TC initially provided CN an exemption of the TSR in order to pilot a project concerning inspections and maintenance in MacMillan Yard, which seemed a positive step in achieving significant safety action towards eliminating the existing safety deficiency relating to maintenance standards and practices in heavy tonnage "on other than main tracks." In attempting to create a safer work environment, TC extended this exemption to 2007. As the recommendation was given in 2001, the length of this exemption appears extreme considering there have been no substantial changes or improvements.

Part I, clause 13.1 refers to inspection frequency and methods to ensure safety for operation of trains at the authorized speed. The guidelines for these inspections refer to appropriate speeds in conjunction with class of track. TC indicated that they are predominantly interested in this area, pertaining to "other than main track", as opposed to Part II, which pertains mainly to details of track defects. TC's concern predominantly with Part I seems reasonable.

The original exemption granted to CN was extended to 2007 and the issue is being addressed by the TSR Working Group. Furthermore, TC sponsored a TSR symposium in September 2006 to develop a strategy to modernize the TSR. As such, the Board maintained the assessment of response to this recommendation as Satisfactory in Part.

Board Reassessment of Response to R01-04 (06 October 2006)

At the end of the symposium the RAC advised that it would take anywhere from six to twelve months to review and assess all the information collected at the symposium. As sufficient time is required for TC to process the outcome of the symposium, and until further information is received, the Board maintained the assessment of response to this recommendation as Satisfactory in Part.

Additional Response to R01-04 (February 2008)

The TSB has been advised by TC that the TSR Working Group has favoured a risk–based approach to inspection frequencies. TC also advised that the amendments to the TSR will require other than main track to be regularly inspected.

Board Reassessment of Response to R01-04 (March 2008)

As TC has kept the issue in the forefront, and a new TSR which will require regular inspection of other than main track appears imminent, the Board reassesses the response to this recommendation as Satisfactory Intent.

Additional Response to R01-04 (November 2009)

The TSB has been advised by TC that the TSR Working Group has a new draft of TSR being reviewed with the rail industry that proposes to set requirements on inspection frequency based on track use (tonnage) and risk. This recommendation remains open for TC.

Board Reassessment of Response to R01-04 (16 September 2010)

Since TC continues to work on this issue, but no change is immediately forthcoming, the Board reassesses the response to this recommendation as Satisfactory Intent.

Additional Response to R01-04 (December 2011)

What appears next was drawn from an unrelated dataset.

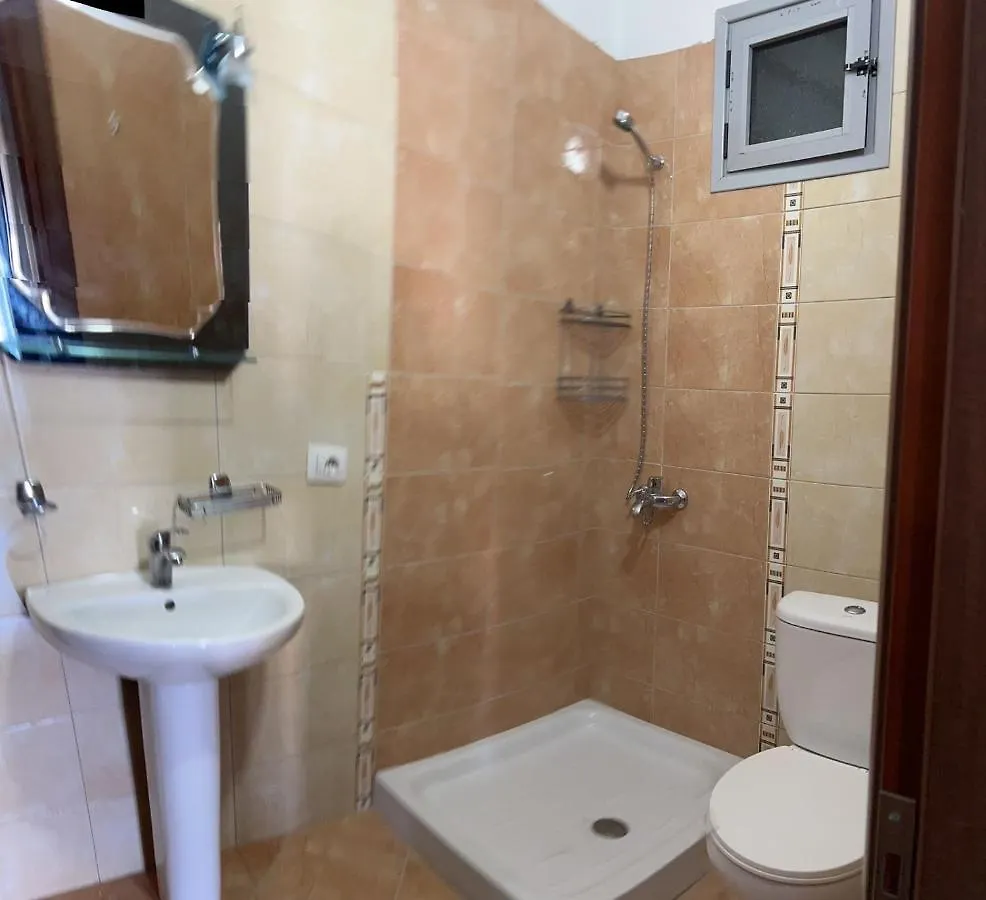 Ajlin'S Lungomare Apartment Vlorë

TSB has been advised by TC that the new Track Safety Rules were approved on 25 November 2011 and will be effective on 25 May 2012. SUBPART F – INSPECTION, 6.1 (c), of the new rules, prescribe that a classified yard must be categorized based on frequency of track use, volume of traffic and risk associated with the movement of trains and equipment. Criteria for inspection frequency and practices are prescribed for each of four categories.

Board Reassessment of Response to R01-04 (February 2012)

A review of the new Track Safety Rules indicates that new requirements have been prescribed for maintenance standards and practices to address the level of risks in heavy tonnage "other than main tracks". In consideration that new rules have been established, the Board reassesses the response to this recommendation as Fully Satisfactory.

Next TSB Action

This deficiency file is assigned an Inactive status.